[MINI ALBUM] LUMER, The disappearing act //Désastre imminent.
Disponible le 02/04 chez Beast Records.
Ce debut EP, que nous préférons qualifier ici de mini-album puisqu’il est fort de 7 titres, insuffle, en 23 minutes un parfum violent d’urgence. The disappearing act, de Lumer, groupe post punk en provenance de Hull, dans le Yorkshire, nous met une bonne claque derrière les oreilles. Sans doute parce qu’il éveille, au-delà du sens des paroles qu’il véhicule, tous ces sentiments qui se nichent en nous à propos de la société dans laquelle nous vivons actuellement.
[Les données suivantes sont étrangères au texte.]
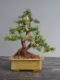 Immagine di Bonsai Tasso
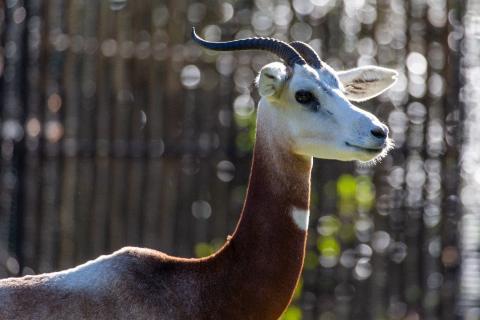 Female dama gazelle Zafirah at the Cheetah conservation Station. Profile of dama gazelle Zafirah at the Cheetah Conservation Station.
Un peu à la manière des écrivains, Lumer s’inscrit dans la démonstration de ce qui l’entoure. Et comme les écrivains, le groupe met en forme son propos dans un écrin qui laisse peu de doute quant à son implication, en tant qu’observateur mais aussi en tant qu’acteur, de ce quotidien dans lequel il ne se sent pas à sa place. Nul besoin pour cela de comprendre l’anglais pour saisir la nuance sociale du groupe. Tout transparaît à la fois de sa musique, toute en tension, et dans la voix du chanteur, Alex Evans, à la fois habitée et romantique à l’excès.
Ne pas se faire bourrer le mou.
Plutôt que de croire bêtement que tout est rose dans la société qui est la notre aujourd’hui, que nous soyons du bon ou du mauvais côté du Brexit, Lumer décide de mettre les pieds dans le plat en évoquant la pression des réseaux sociaux, la corruption des grands leaders mondiaux et, plus largement, la vacuité de l’existence que nous vivons, privée de sens et d’horizon.
Il convenait de mettre cela en forme avec un post punk tendance garage, évoquant, forcément, un peu, beaucoup, à la folie, Fontaines D.C ou, dans une certaine moindre mesure Squid. Ici, le son est massif, parfois abrupte, parfois dépouillé (comme sur le premier titre She’s innocent, très rock finalement). On y ressent aussi un blues terrible, celui qui chante les pleurs, les maux de l’existence (en partie sur White Tsar ou sur le magnifique Another day at the zoo qui se passe de commentaire). Tout est produit avec une certaine retenue, un côté froid, chromé, qui parfois nous aveugle quand le soleil vient à se refléter dessus. Pas de gros effet, mais une efficacité jamais démentie. Un léger écho sur la voix nous rappelle un peu l’esprit cold wave, mais Lumer s’en démarque très rapidement par le côté abrasif de ses compositions qui viennent râper nos os, titiller nos nerfs comme pour nous sortir de notre torpeur.
Scansion.
La voix est ici scandée, aboyée, comme si une douleur viscérale habitait Evans. L’urgence est là, nichée au creux d’une conscience refusant de se laisser bercer d’illusions. Pas de compromis. Le rythme rentre en nous, comme le foret d’une perceuse dans un mur de beurre. La déflagration propulse son électricité dans nos membres engourdis, dans notre tête rendue trop malléable par la consommation indécente d’écrans. Comme une douche froide, l’uppercut Lumer vient nous surprendre, alors que nous pensions que plus rien ne pouvait le faire.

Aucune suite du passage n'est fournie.